Records from a data source
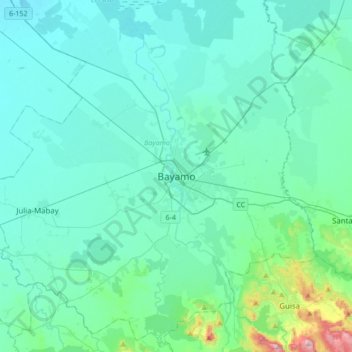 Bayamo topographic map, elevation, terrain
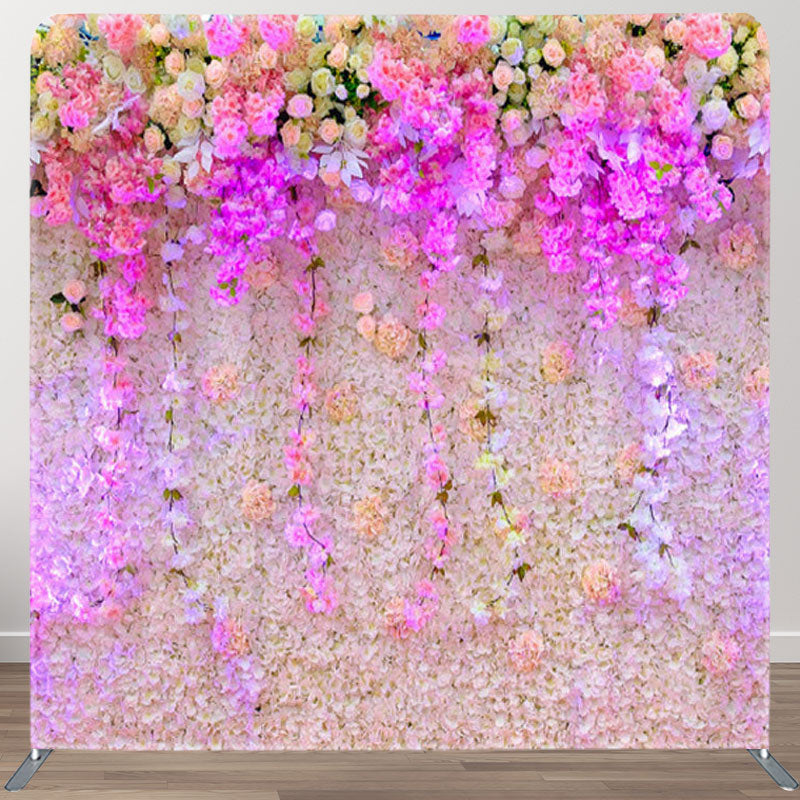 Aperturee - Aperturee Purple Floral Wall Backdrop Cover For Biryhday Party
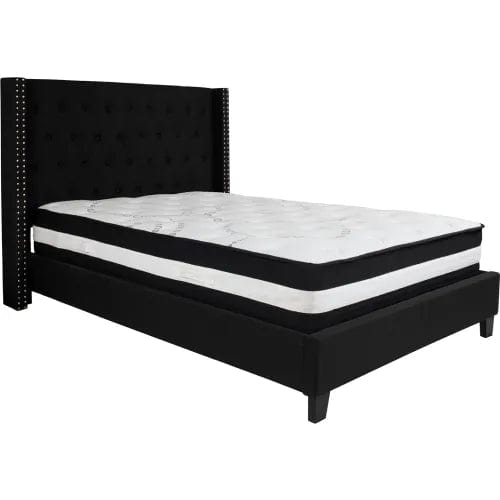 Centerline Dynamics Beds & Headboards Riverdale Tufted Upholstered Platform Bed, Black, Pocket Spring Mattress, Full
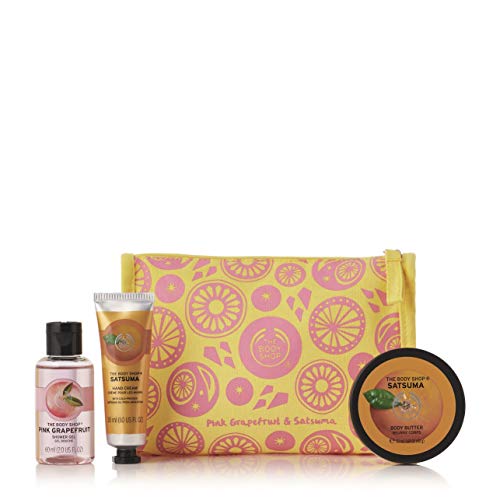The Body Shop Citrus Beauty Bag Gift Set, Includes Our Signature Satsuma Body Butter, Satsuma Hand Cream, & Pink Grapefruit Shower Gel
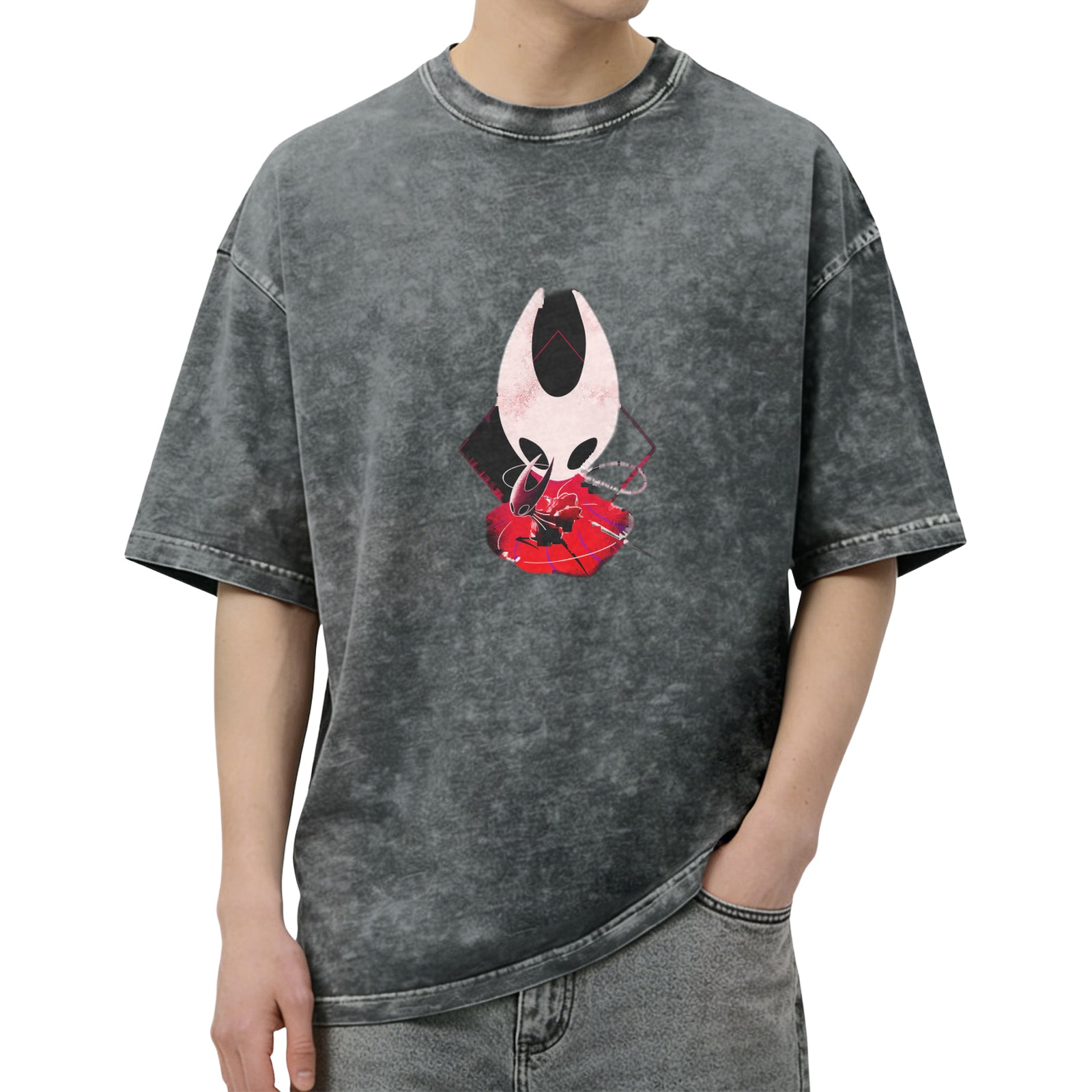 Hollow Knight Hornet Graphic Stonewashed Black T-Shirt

[Task]
Copy word for word each line of the data above, from the first through the one containing "Centerline Dynamics Beds", and include no pictures.

[Answer to this problem]
 Bayamo topographic map, elevation, terrain
 Aperturee - Aperturee Purple Floral Wall Backdrop Cover For Biryhday Party
 Centerline Dynamics Beds & Headboards Riverdale Tufted Upholstered Platform Bed, Black, Pocket Spring Mattress, Full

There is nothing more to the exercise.